Dataset items:
= Beginning of Section =

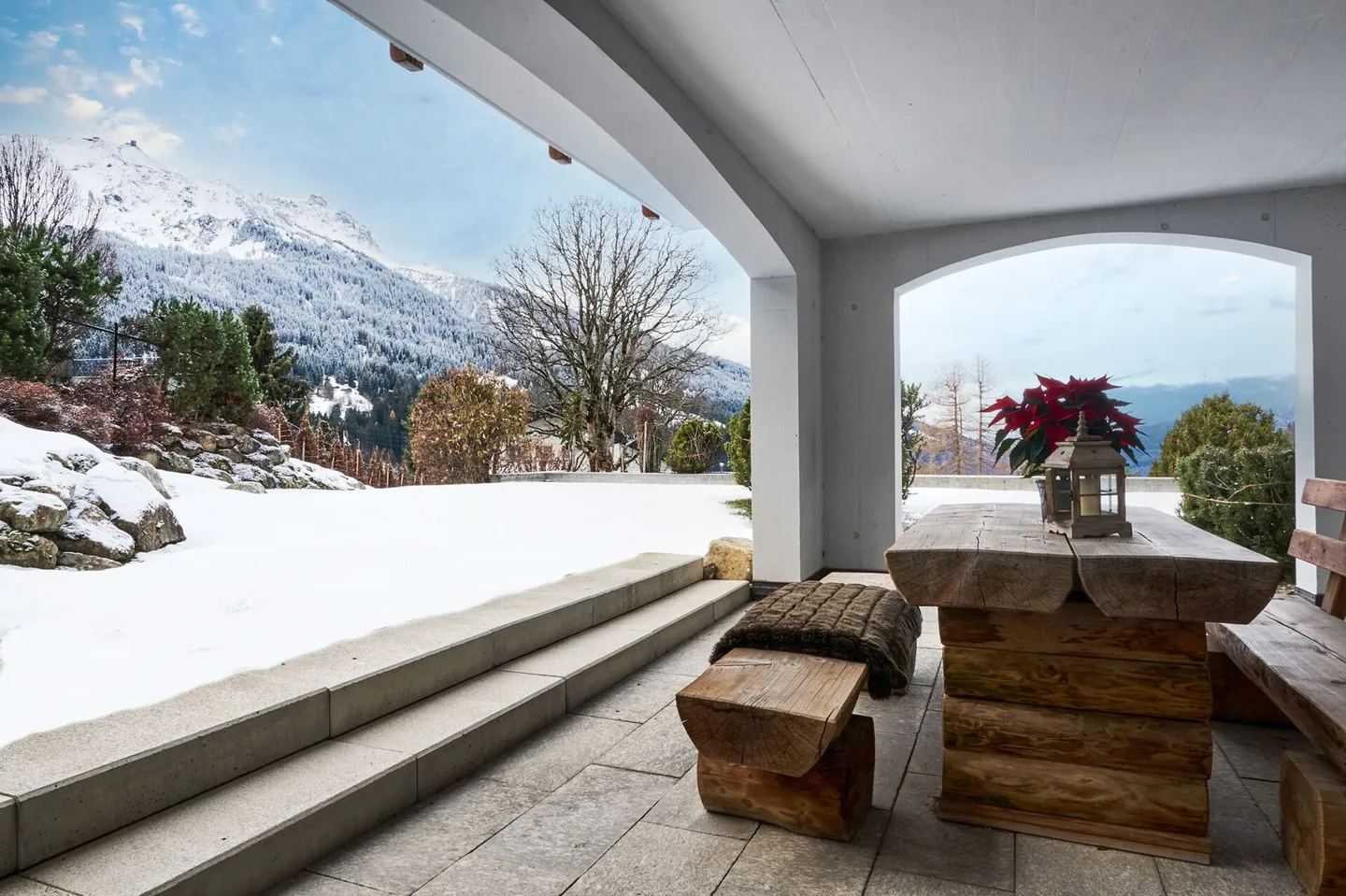 Sunny Mountain View - Photo 9 of 11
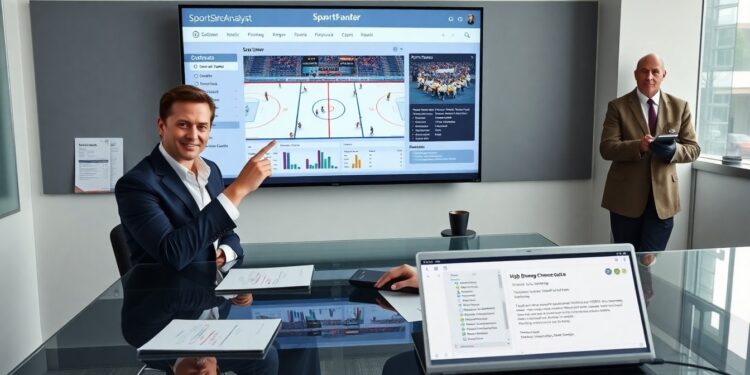 sffarehockey statistics from sportsfanfare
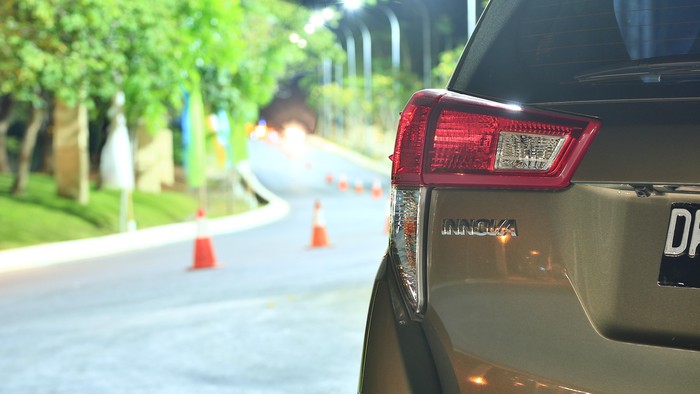 Harga Kijang Innova Bekas Masih Tinggi, Ini Daftar Lengkap per Tahun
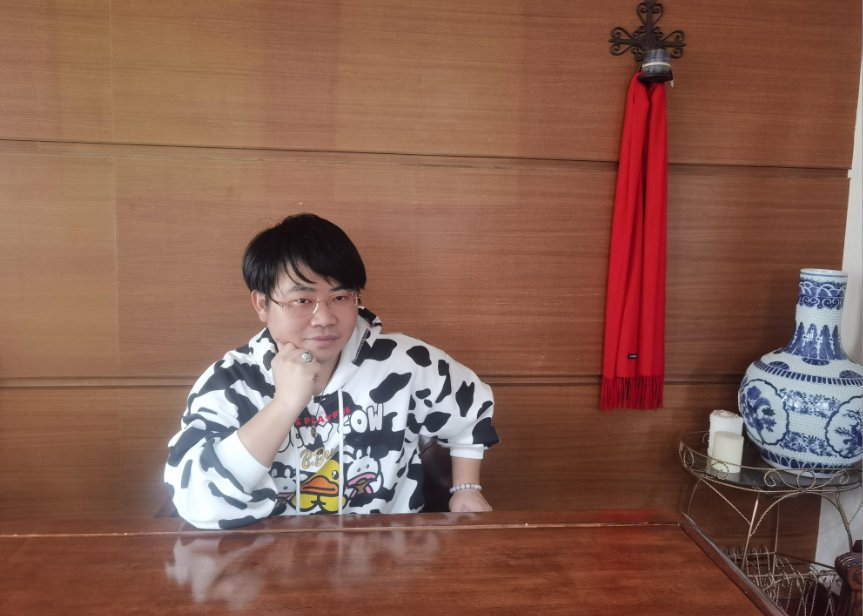 何凯文为什么口碑不好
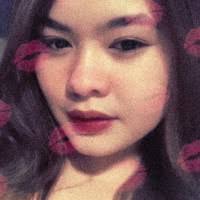 40+ "Keith Del" profiles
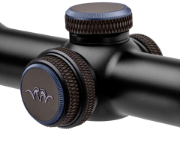 Bilde av Blaser B1 Riflekikkert 2,8-20x50 IC S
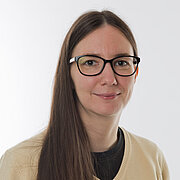 Miller United Optics Team Portrait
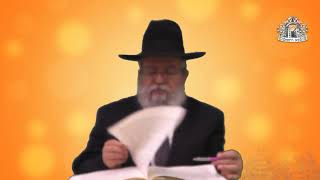 דף היומי בחצי שעה - שבת דף פ"א
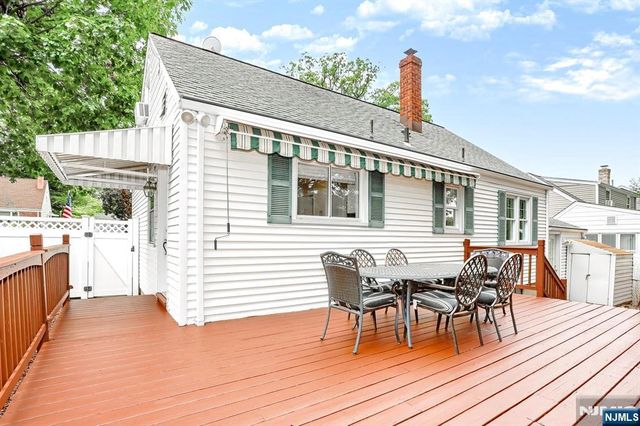 264 Lincoln Boulevard, Emerson, NJ 07630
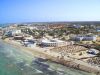 Тунис, Джерба: куда сходить, что посмотреть, интересные места, достопримечательности, фото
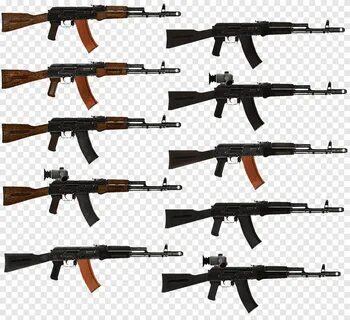 Играть 2 автомата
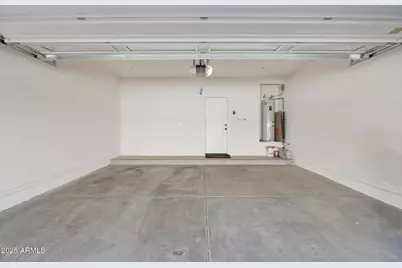 4761 E Portola Valley Drive #102, Gilbert, AZ 85297 - Photo 26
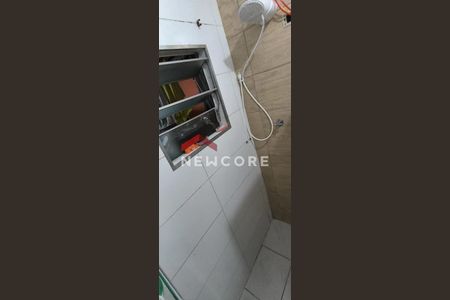 11_photo/94cef5617b.cb2272fcfeb20142-ATLAS-84fa3de5-0a88-4b8f-95ec-0b98e0a999af.jpg de casa à venda com 3 quartos, 200m² em Vila das Palmeiras, Guarulhos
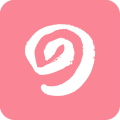 次元气壁纸app 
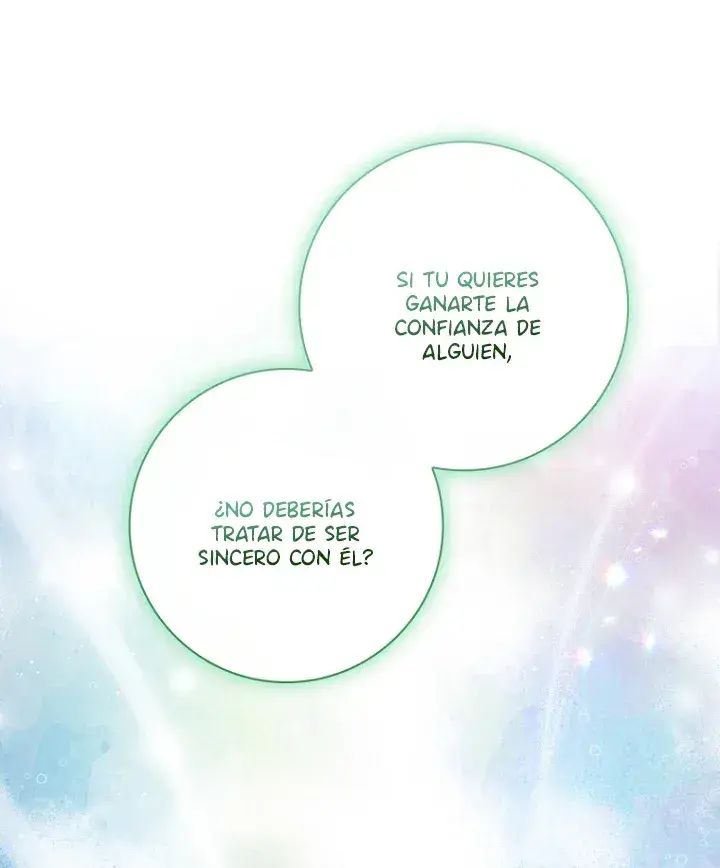 Capitulo 64 page 38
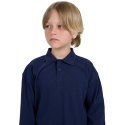 Koszulka longsleeve 4F Jr 4FJWAW25TLONM483 31S 4f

= End of Section =

* [What to do] Print all of the data exactly, and do not carry over any pictures.

* [Finished task]
 Sunny Mountain View - Photo 9 of 11
 sffarehockey statistics from sportsfanfare
 Harga Kijang Innova Bekas Masih Tinggi, Ini Daftar Lengkap per Tahun
 何凯文为什么口碑不好
 40+ "Keith Del" profiles
 Bilde av Blaser B1 Riflekikkert 2,8-20x50 IC S
 Miller United Optics Team Portrait
 דף היומי בחצי שעה - שבת דף פ"א
 264 Lincoln Boulevard, Emerson, NJ 07630
 Тунис, Джерба: куда сходить, что посмотреть, интересные места, достопримечательности, фото
 Играть 2 автомата
 4761 E Portola Valley Drive #102, Gilbert, AZ 85297 - Photo 26
 11_photo/94cef5617b.cb2272fcfeb20142-ATLAS-84fa3de5-0a88-4b8f-95ec-0b98e0a999af.jpg de casa à venda com 3 quartos, 200m² em Vila das Palmeiras, Guarulhos
 次元气壁纸app 
 Capitulo 64 page 38
 Koszulka longsleeve 4F Jr 4FJWAW25TLONM483 31S 4f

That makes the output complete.